Posted by Adrienne. Comment (1).

Trying to keep my eyes on the road after I arrived in California last week, I groped in my handbag for my cell phone. With a thumb, I scrolled to the entry for Matt. A lot of people in Pleasant Valley go to sleep at ten or earlier, and I prayed as I listened to one, then two, then three rings, that Matt and his wife weren’t among them.

“Hello?” It was a woman’s voice.

“Hi!” I tried to sound cheerful. “You must be Penny!”

“Yes.”

“I’m Matt’s step sister! Maybe he mentioned that we ran into each other a few weeks ago.”

“Oh, Anne!

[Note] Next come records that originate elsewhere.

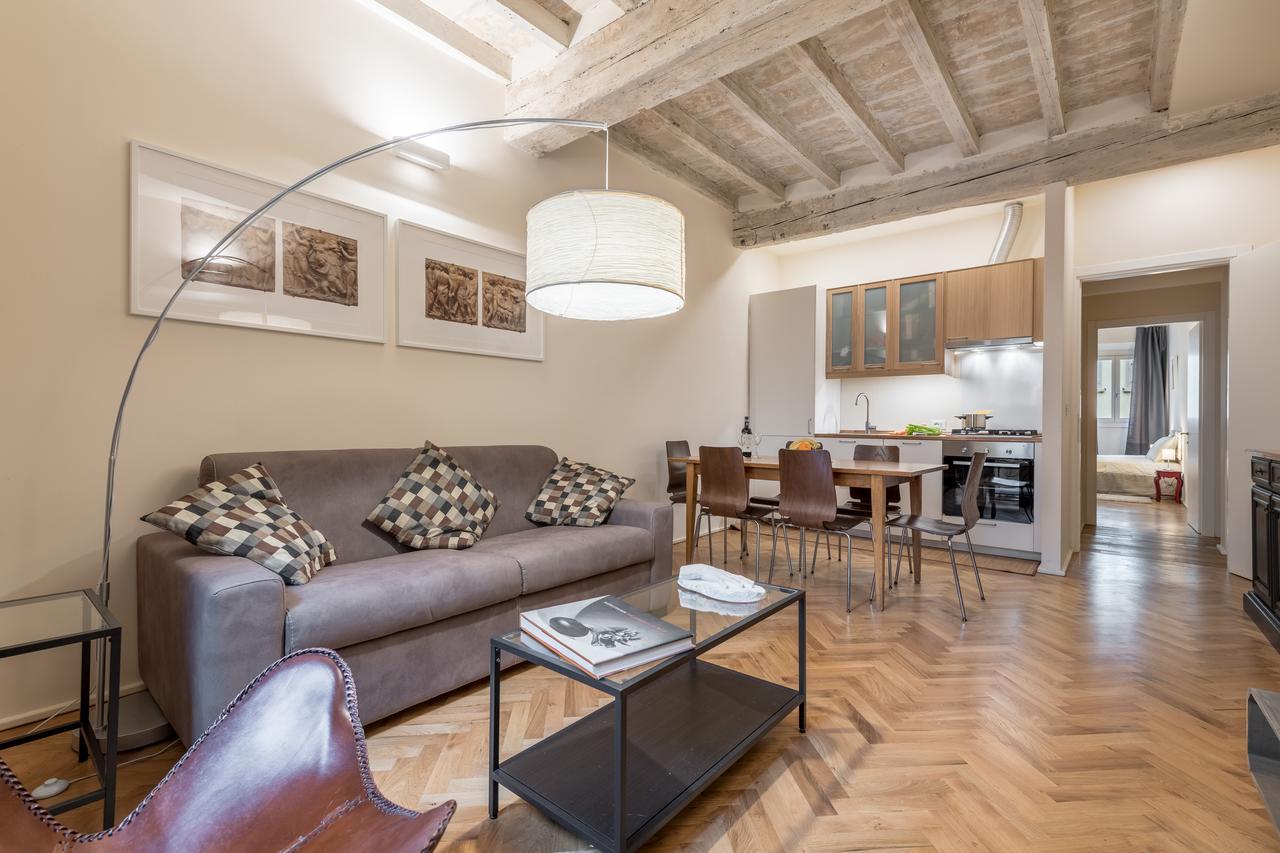 Romantic Novella By Mmega Apartment Florence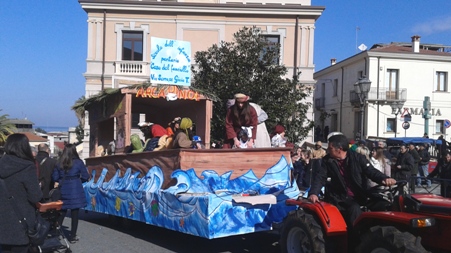 A Gioia Tauro la decima edizione del Carnevale scolastico Organizzato dalla Pro Loco ha visto la partecipazione delle scuole dell'infanzia e delle primarie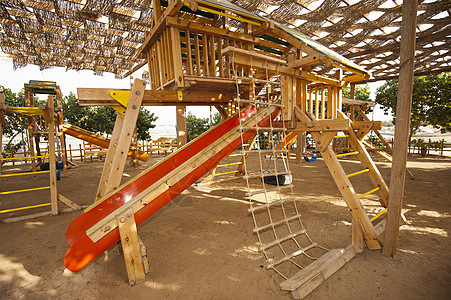在儿童游戏区攀爬架子框架剧场梯子公园脚步乐趣操场木头玩具娱乐背景图片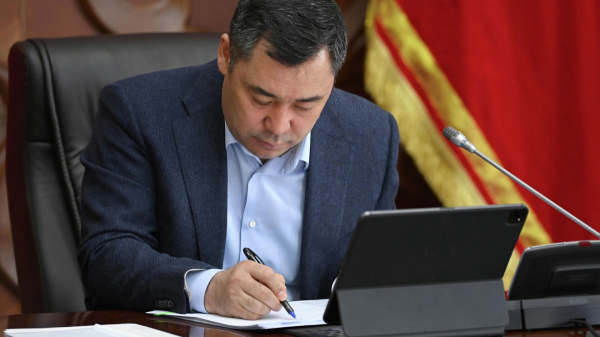 Садыр Жапаров үч адамга дипломатиялык ранг ыйгаруу жөнүндө Жарлыкка кол койду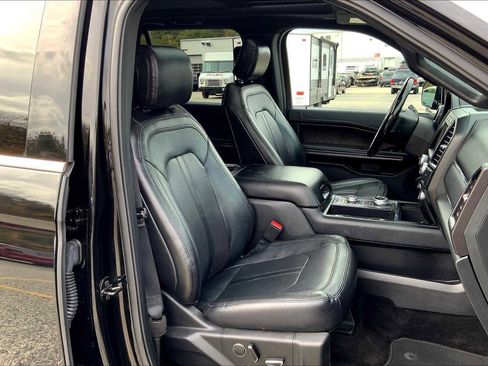 Used 2018 Ford Expedition Limited image 7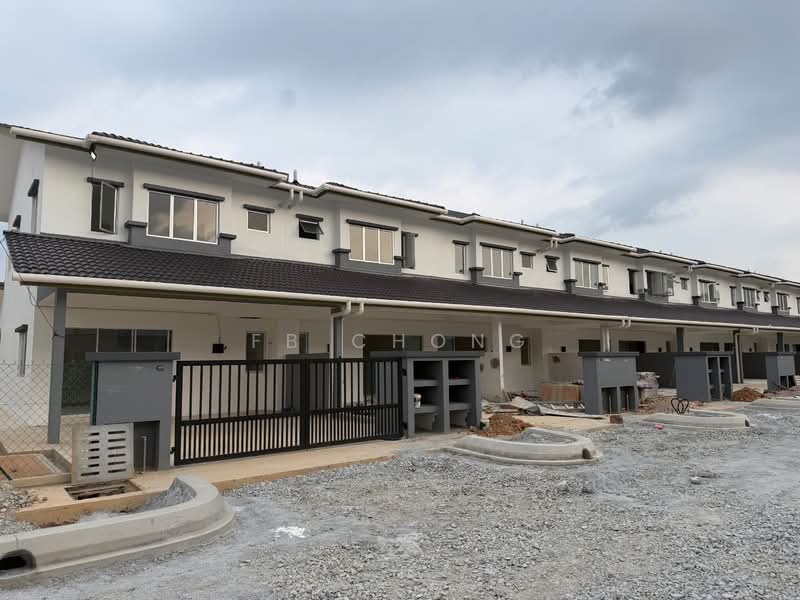 2-storey Terraced House for Sale in Desa Pinggiran Bayu (Mantin) - FB Chong - Exterior - PropertyGuru.com.my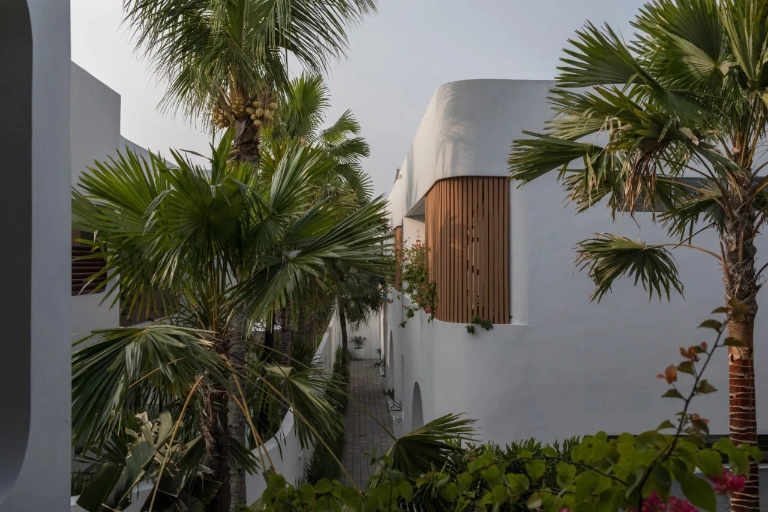 Villa For Rent 3 Bed In Berawa Tibubeneng Bali — image 3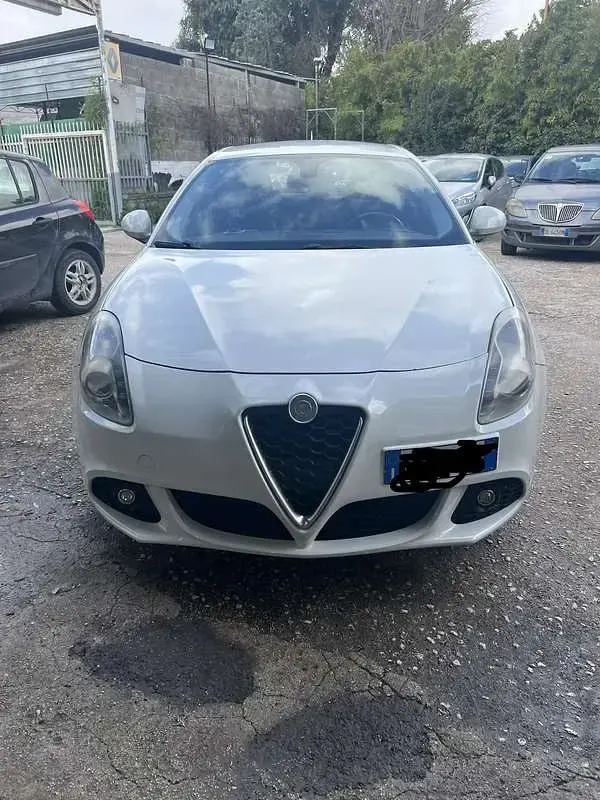 Usata Alfa Romeo Giulietta Exclusive 105 CV (77 kW) 2011 Utilitaria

Yes. How are you?” She sounded as if she were greeting an old friend. One whose name she had somehow forgotten.

“Adrienne.”

“Adrienne, Adrienne, I’m sorry. Matthew isn’t home right now, he’s still at work.”

My car swerved with disappointment.”

“I’m holding down the fort. He’ll be so happy that you called. If he doesn’t call you back tonight, it’ll be first thing tomorrow.”

A second of hesitation and I blurted, “I’m in Pleasant Valley!”

“You are? How wonderful! When will we get a chance to see you?”

“I’m… I don’t know.” Obviously I couldn’t stay there if Matt was out. “I’ll call tomorrow.”

“Where are you staying?”

“I’m actually not sure.” My face heated the darkness. “I’m looking for a motel.”

“A motel? You should come here!”

“I wouldn’t want to impose.”

“Adrienne, it’s not imposition!” Her voice rose an octave. “You’re family! And I’ve been dying

to meet you ever since Matt said he ran into you at the Plaza. Do you have our address?”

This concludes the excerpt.